• Aim of the exercise: Each of the following records is to be output exactly.

○ ○ ○ ○

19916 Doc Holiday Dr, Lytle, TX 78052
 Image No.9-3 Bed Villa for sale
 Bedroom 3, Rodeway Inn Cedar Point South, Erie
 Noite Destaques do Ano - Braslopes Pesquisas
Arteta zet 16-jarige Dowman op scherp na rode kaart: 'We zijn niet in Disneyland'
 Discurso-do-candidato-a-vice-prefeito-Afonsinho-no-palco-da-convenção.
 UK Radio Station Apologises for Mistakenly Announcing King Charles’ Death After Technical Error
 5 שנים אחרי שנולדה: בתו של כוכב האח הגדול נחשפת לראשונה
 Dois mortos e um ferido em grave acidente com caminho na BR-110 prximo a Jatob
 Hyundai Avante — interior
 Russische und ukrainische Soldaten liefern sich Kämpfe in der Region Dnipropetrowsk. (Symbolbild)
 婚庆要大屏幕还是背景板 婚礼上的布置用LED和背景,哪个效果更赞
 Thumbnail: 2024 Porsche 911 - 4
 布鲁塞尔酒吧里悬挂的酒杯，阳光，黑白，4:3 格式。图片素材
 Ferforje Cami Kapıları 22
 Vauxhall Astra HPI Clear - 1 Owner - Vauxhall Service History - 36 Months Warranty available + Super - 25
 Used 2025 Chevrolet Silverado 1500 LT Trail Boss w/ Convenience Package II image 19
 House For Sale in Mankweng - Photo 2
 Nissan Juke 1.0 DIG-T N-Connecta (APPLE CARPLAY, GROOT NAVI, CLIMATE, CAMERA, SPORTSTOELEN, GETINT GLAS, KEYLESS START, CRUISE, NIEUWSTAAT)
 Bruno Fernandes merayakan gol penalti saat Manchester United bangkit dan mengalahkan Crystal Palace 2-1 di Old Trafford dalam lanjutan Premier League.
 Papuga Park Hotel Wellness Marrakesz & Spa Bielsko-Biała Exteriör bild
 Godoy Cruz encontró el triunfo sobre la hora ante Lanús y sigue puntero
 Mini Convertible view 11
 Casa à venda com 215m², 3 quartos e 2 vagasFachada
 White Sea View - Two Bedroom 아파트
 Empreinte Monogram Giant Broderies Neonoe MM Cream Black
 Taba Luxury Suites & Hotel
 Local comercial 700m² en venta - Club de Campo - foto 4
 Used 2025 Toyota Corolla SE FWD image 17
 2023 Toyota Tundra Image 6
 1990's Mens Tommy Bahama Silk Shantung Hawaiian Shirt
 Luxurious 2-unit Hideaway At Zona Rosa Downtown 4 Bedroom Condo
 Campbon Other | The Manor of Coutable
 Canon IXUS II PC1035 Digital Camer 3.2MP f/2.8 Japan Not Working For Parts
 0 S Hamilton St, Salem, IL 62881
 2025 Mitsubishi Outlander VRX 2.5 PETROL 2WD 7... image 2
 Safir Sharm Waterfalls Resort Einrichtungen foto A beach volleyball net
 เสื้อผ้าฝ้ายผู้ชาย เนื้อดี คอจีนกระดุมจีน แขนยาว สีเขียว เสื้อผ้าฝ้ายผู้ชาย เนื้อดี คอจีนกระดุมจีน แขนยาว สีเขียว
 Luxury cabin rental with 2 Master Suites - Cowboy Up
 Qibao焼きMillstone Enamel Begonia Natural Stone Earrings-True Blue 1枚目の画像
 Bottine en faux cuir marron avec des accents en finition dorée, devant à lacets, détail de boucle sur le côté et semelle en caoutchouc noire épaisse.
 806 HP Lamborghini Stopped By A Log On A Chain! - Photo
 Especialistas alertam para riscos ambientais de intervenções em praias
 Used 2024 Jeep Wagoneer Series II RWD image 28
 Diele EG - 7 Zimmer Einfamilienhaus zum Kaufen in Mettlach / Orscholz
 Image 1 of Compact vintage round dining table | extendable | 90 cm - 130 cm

○ ○ ○ ○

• Expected answer:
19916 Doc Holiday Dr, Lytle, TX 78052
 Image No.9-3 Bed Villa for sale
 Bedroom 3, Rodeway Inn Cedar Point South, Erie
 Noite Destaques do Ano - Braslopes Pesquisas
Arteta zet 16-jarige Dowman op scherp na rode kaart: 'We zijn niet in Disneyland'
 Discurso-do-candidato-a-vice-prefeito-Afonsinho-no-palco-da-convenção.
 UK Radio Station Apologises for Mistakenly Announcing King Charles’ Death After Technical Error
 5 שנים אחרי שנולדה: בתו של כוכב האח הגדול נחשפת לראשונה
 Dois mortos e um ferido em grave acidente com caminho na BR-110 prximo a Jatob
 Hyundai Avante — interior
 Russische und ukrainische Soldaten liefern sich Kämpfe in der Region Dnipropetrowsk. (Symbolbild)
 婚庆要大屏幕还是背景板 婚礼上的布置用LED和背景,哪个效果更赞
 Thumbnail: 2024 Porsche 911 - 4
 布鲁塞尔酒吧里悬挂的酒杯，阳光，黑白，4:3 格式。图片素材
 Ferforje Cami Kapıları 22
 Vauxhall Astra HPI Clear - 1 Owner - Vauxhall Service History - 36 Months Warranty available + Super - 25
 Used 2025 Chevrolet Silverado 1500 LT Trail Boss w/ Convenience Package II image 19
 House For Sale in Mankweng - Photo 2
 Nissan Juke 1.0 DIG-T N-Connecta (APPLE CARPLAY, GROOT NAVI, CLIMATE, CAMERA, SPORTSTOELEN, GETINT GLAS, KEYLESS START, CRUISE, NIEUWSTAAT)
 Bruno Fernandes merayakan gol penalti saat Manchester United bangkit dan mengalahkan Crystal Palace 2-1 di Old Trafford dalam lanjutan Premier League.
 Papuga Park Hotel Wellness Marrakesz & Spa Bielsko-Biała Exteriör bild
 Godoy Cruz encontró el triunfo sobre la hora ante Lanús y sigue puntero
 Mini Convertible view 11
 Casa à venda com 215m², 3 quartos e 2 vagasFachada
 White Sea View - Two Bedroom 아파트
 Empreinte Monogram Giant Broderies Neonoe MM Cream Black
 Taba Luxury Suites & Hotel
 Local comercial 700m² en venta - Club de Campo - foto 4
 Used 2025 Toyota Corolla SE FWD image 17
 2023 Toyota Tundra Image 6
 1990's Mens Tommy Bahama Silk Shantung Hawaiian Shirt
 Luxurious 2-unit Hideaway At Zona Rosa Downtown 4 Bedroom Condo
 Campbon Other | The Manor of Coutable
 Canon IXUS II PC1035 Digital Camer 3.2MP f/2.8 Japan Not Working For Parts
 0 S Hamilton St, Salem, IL 62881
 2025 Mitsubishi Outlander VRX 2.5 PETROL 2WD 7... image 2
 Safir Sharm Waterfalls Resort Einrichtungen foto A beach volleyball net
 เสื้อผ้าฝ้ายผู้ชาย เนื้อดี คอจีนกระดุมจีน แขนยาว สีเขียว เสื้อผ้าฝ้ายผู้ชาย เนื้อดี คอจีนกระดุมจีน แขนยาว สีเขียว
 Luxury cabin rental with 2 Master Suites - Cowboy Up
 Qibao焼きMillstone Enamel Begonia Natural Stone Earrings-True Blue 1枚目の画像
 Bottine en faux cuir marron avec des accents en finition dorée, devant à lacets, détail de boucle sur le côté et semelle en caoutchouc noire épaisse.
 806 HP Lamborghini Stopped By A Log On A Chain! - Photo
 Especialistas alertam para riscos ambientais de intervenções em praias
 Used 2024 Jeep Wagoneer Series II RWD image 28
 Diele EG - 7 Zimmer Einfamilienhaus zum Kaufen in Mettlach / Orscholz
 Image 1 of Compact vintage round dining table | extendable | 90 cm - 130 cm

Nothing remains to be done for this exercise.